Prywatne firmy ochroniarskie zapewniające bezpieczeństwo dyplomatom amerykańskim w Iraku będą nadzorowane przez wojsko - uzgodnili między sobą sekretarz stanu Condoleezza Rice i minister obrony Robert Gates.
Decyzja ta jest następstwem tragicznego incydentu 16 września w Bagdadzie, gdzie ochroniarze z firmy Blackwater konwojujący dyplomatów wdali się w strzelaninę na ulicy, w wyniku której zginęło 17 cywilnych Irakijczyków.

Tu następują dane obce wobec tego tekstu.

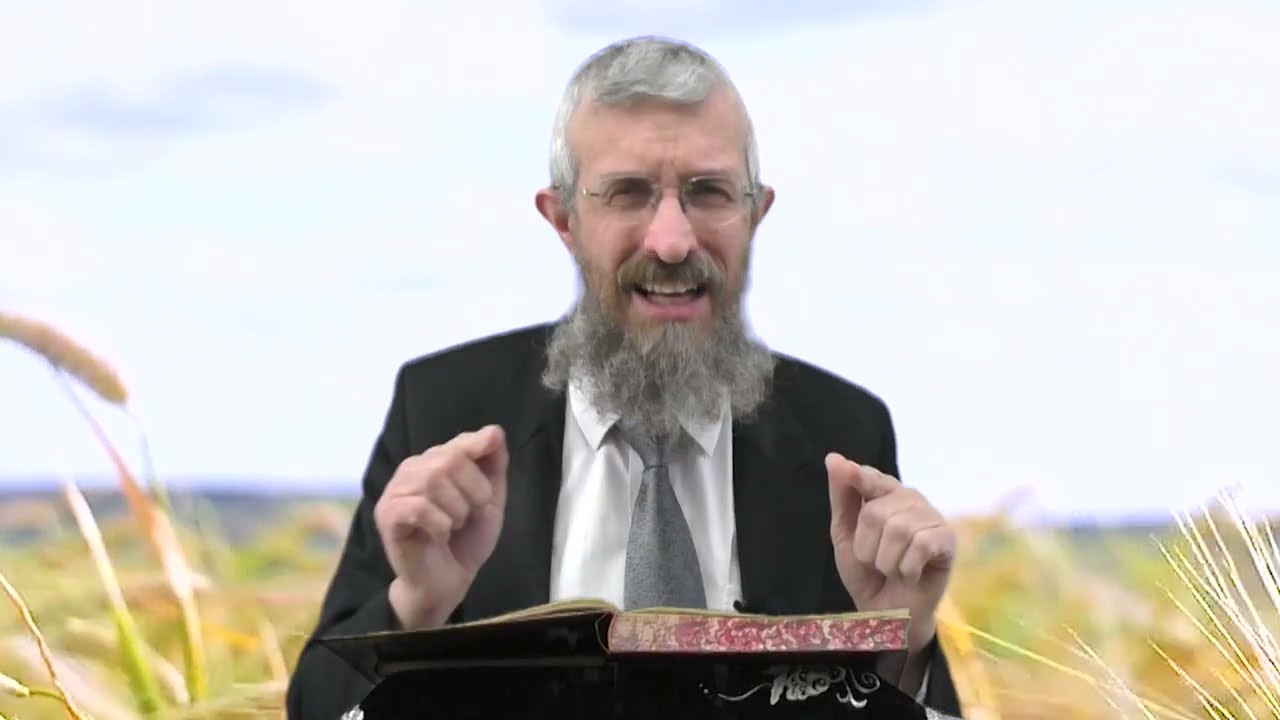 מסכת מנחות דף סא - 8 דקות של לומדות ועמקות בדרך הלימוד הישיבתית [Menachot 61]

Blackwater był potem szeroko krytykowany za pochopne użycie broni i szef firmy tłumaczył się z tego przed komisją Kongresu. Jak ustalono, 845 ochroniarzy z Blackwater użyło broni łącznie w 195 przypadkach od 2005 r. zabijając bliżej nieokreśloną liczbę Irakijczyków.

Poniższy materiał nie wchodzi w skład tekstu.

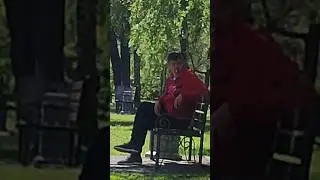 Ты НЕ ЗНАЕШЬ названия этих деревьев по английски ! 🇺🇲 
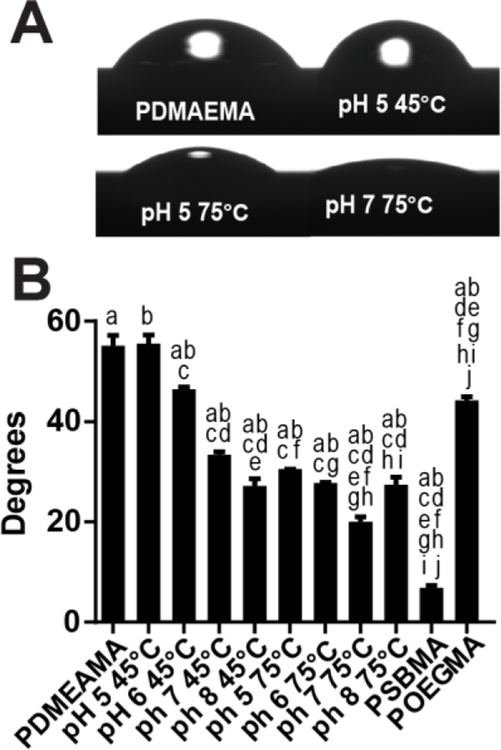 Figure 7:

Demokraci w Kongresie mieli pretensję do Departamentu Stanu, że śledztwo w sprawie incydentu 16 września było prowadzone źle.
W rezultacie uzgodnienia między Departamentem Stanu a Pentagonem, ten ostatni przejmie nadzór nad działalnością nie tylko Blackwater, lecz także kilkudziesięciu innych prywatnych firm chroniących w Iraku dyplomatów, pracowników organizacji pomocy humanitarnej i firm pracujących przy odbudowie kraju.

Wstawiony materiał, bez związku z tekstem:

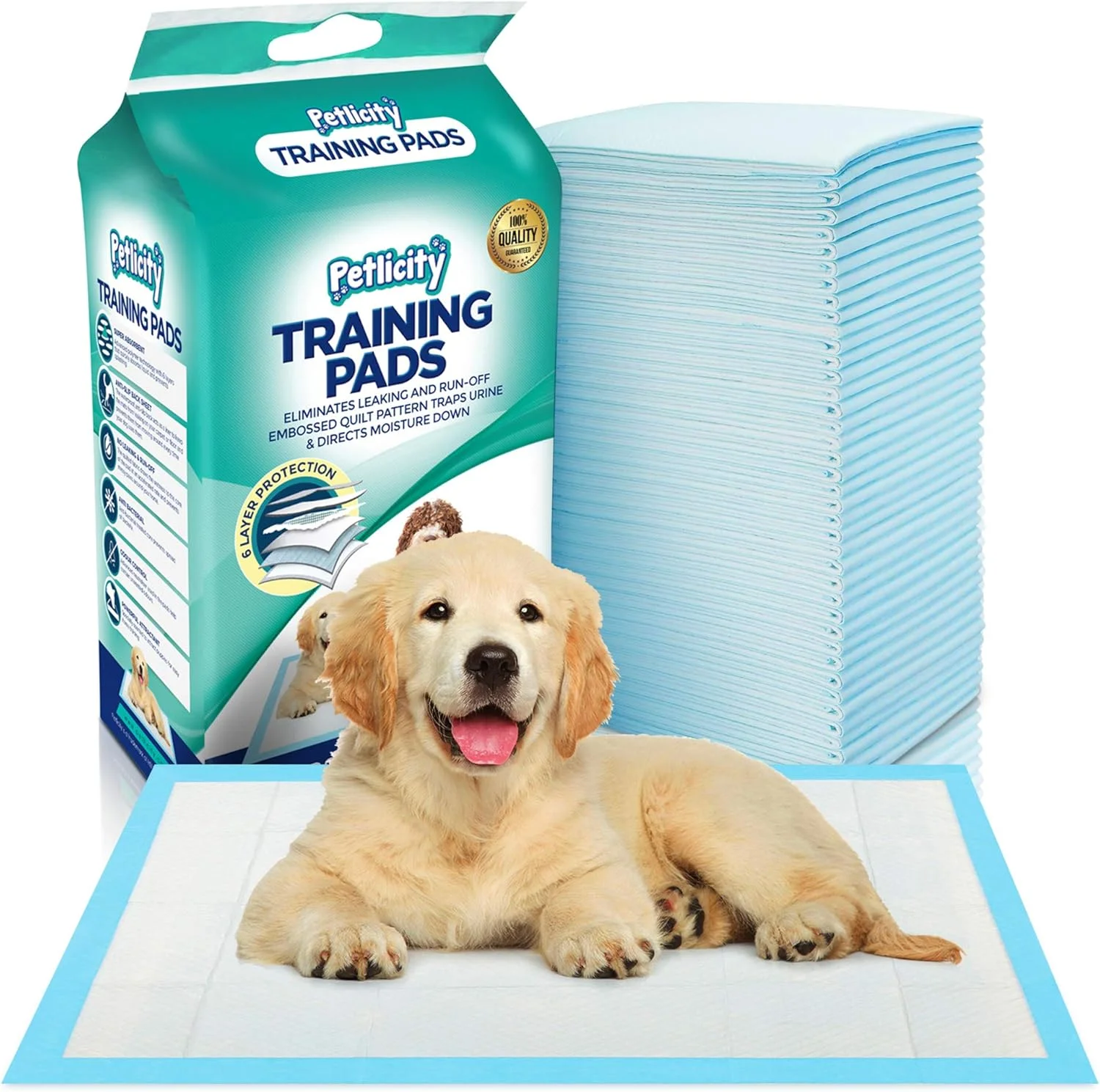 پد آموزشی دستشویی سگ و توله سگ Petlicity بسته 50 عددی - پدهای بسیار جاذب برای محافظت از کف، فرش و مبلمان شما (کوچک 45 سانتی متر در 60 سانتی متر)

Jak podał rzecznik Pentagonu, Geoff Morrell, resort będzie nadzorował szkolenie prywatnych kontraktorów, regulamin użycia broni, normy kierujące zatrudnieniem pracowników firm chroniarskich i reguły ich poruszania się w Iraku.
Rząd iracki ustanowił prawo uchylające rozporządzenie amerykańskich władz okupacyjnych z 2004 r., które gwarantowało pracownikom zagranicznych firm prywatnych immunitet od odpowiedzialności karnej przed irackimi sądami.
Tymczasem we wtorek Departament Stanu poinformował, że niektórzy pracownicy Blackwater przesłuchiwani w związku ze strzelaniną 16 września uzyskają częściowy immunitet w zamian za złożenie zeznań.